A mental disorder in which there is severe loss of contact with reality, evidenced by delusions,
hallucinations, disorganized speech patterns, and bizarre or catatonic behavior.

Psychotic disorders are common features of schizophrenia, bipolar disorders, and some
affective disorders. They can also result from substance abuse (e.g., the use of hallucinogens),
substance withdrawal (e.g., delirium tremens), or side effects of some prescription drugs.

Symptoms: In psychotic states patients may express unusual ideas (e.g., that they can read the minds of
others, send radio messages directly to God or inanimate objects, travel to distant galaxies). These ideas are
called delusions. Psychosis also is marked by patient reports of hearing voices (auditory hallucinations) or
seeing objects or persons not visible to others (visual hallucinations). Auditory hallucinations are hallmarks
of schizophrenic and manic states, while visual hallucinations are characteristic of drug intoxication or
withdrawal. Disturbances in thought content and form, perception, affect, sense of self, volition,
interpersonal relationships, and psychomotor behavior occur.
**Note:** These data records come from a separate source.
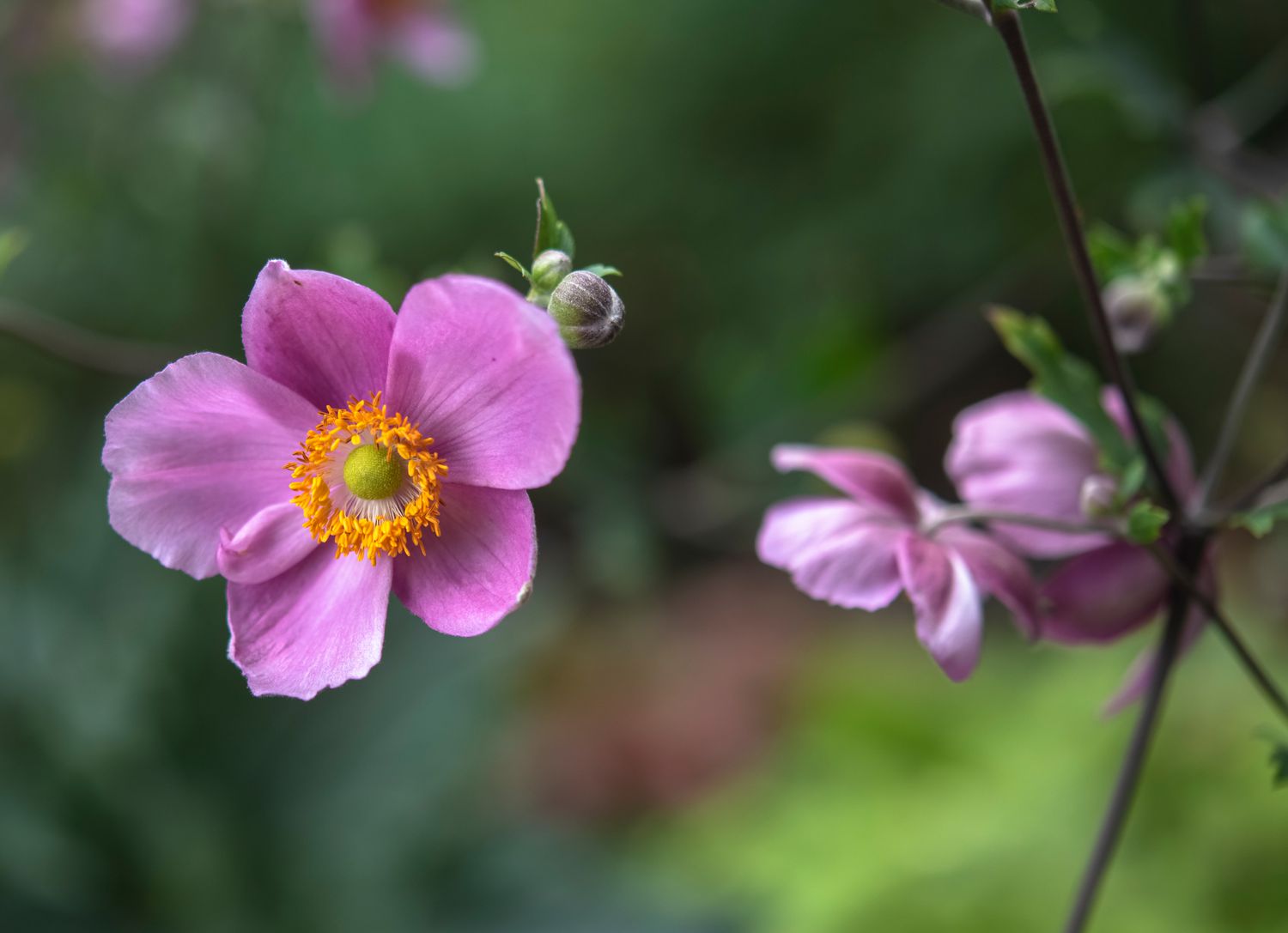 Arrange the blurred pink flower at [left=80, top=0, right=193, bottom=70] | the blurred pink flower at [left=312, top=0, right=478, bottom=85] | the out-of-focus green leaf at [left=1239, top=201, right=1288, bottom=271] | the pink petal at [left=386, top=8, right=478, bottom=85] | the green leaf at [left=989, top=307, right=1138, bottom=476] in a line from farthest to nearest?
the blurred pink flower at [left=80, top=0, right=193, bottom=70]
the pink petal at [left=386, top=8, right=478, bottom=85]
the blurred pink flower at [left=312, top=0, right=478, bottom=85]
the out-of-focus green leaf at [left=1239, top=201, right=1288, bottom=271]
the green leaf at [left=989, top=307, right=1138, bottom=476]

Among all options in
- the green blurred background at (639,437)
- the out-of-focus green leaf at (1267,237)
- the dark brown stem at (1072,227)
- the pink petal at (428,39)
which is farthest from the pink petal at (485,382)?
the pink petal at (428,39)

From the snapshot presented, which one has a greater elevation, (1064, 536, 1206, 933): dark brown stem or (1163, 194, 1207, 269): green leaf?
(1163, 194, 1207, 269): green leaf

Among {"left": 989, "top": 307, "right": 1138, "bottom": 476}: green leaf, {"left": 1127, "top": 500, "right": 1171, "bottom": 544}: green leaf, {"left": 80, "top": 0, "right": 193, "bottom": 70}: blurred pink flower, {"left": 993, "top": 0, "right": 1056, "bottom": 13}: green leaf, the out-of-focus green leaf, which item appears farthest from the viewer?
{"left": 80, "top": 0, "right": 193, "bottom": 70}: blurred pink flower

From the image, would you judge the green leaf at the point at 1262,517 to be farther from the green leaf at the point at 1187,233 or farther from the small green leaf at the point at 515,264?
the small green leaf at the point at 515,264

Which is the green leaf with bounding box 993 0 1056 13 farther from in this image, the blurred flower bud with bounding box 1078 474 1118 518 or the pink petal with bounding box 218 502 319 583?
the pink petal with bounding box 218 502 319 583

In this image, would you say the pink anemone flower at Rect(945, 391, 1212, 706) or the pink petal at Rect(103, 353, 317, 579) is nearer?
the pink petal at Rect(103, 353, 317, 579)

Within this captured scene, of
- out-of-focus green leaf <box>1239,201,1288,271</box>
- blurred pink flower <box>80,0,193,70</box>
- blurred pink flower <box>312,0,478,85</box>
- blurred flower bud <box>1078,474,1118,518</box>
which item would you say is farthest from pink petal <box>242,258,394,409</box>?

Thorough physical and psychiatric
examinations rule out organic causes of the patient symptoms and establish the diagnosis.
Treatment: Treatment goals focus on meeting the patient’s physical and psychosocial needs, and usually
combine drug therapies with behavioral therapies, long-term psychotherapy, psychosocial rehabilitation,
and/or vocational counseling, requiring use of community resources. Patients with psychosis are treated
effectively with neuroleptic drugs (which appear to work by blocking postsynaptic dopamine receptors),
such as haloperidol, risperidone, or chlorpromazine. Side effects of some of these medications include
dystonic reactions and tardive dyskinesia. The newer agents produce fewer of these extrapyramidal
symptoms. Treatment drugs also have sedative, anticholinergic, and orthostatic hypotension effects, and
about 1% of patients taking these agents experience neuroleptic malignant syndrome (life-threatening fever,
muscle rigidity, and altered level of consciousness).
Patient care: The psychotic patient should be treated gently and with respect. A safe environment should
be maintained, with suicide precautions instituted if needed. Trusting relationships are gradually developed,
while avoiding promotion of dependence. Engaging the patient in reality-oriented activities that involve
human contact and employing reality-orientation is helpful. Attempts to correct delusional thinking should
be avoided because delusions are resistant to logical argument, and discussion about them may be
misinterpreted. Because psychotic patients behave violently on occasion, careful practitioners eschew
confrontation with them, and obtain immediate help to protect the safety of all involved.
CAUTION:
1 Unfamiliar religious experiences and rituals may have all the hallmarks of psychosis when viewed by
. individuals from different cultures. What constitutes an especially meaningful experience in one society
may be recognized as psychosis by another.
2 When assisting a psychotic patient, most clinicians sit close to a door, so that if they feel the need to leave
. the room quickly, they can do so unimpeded.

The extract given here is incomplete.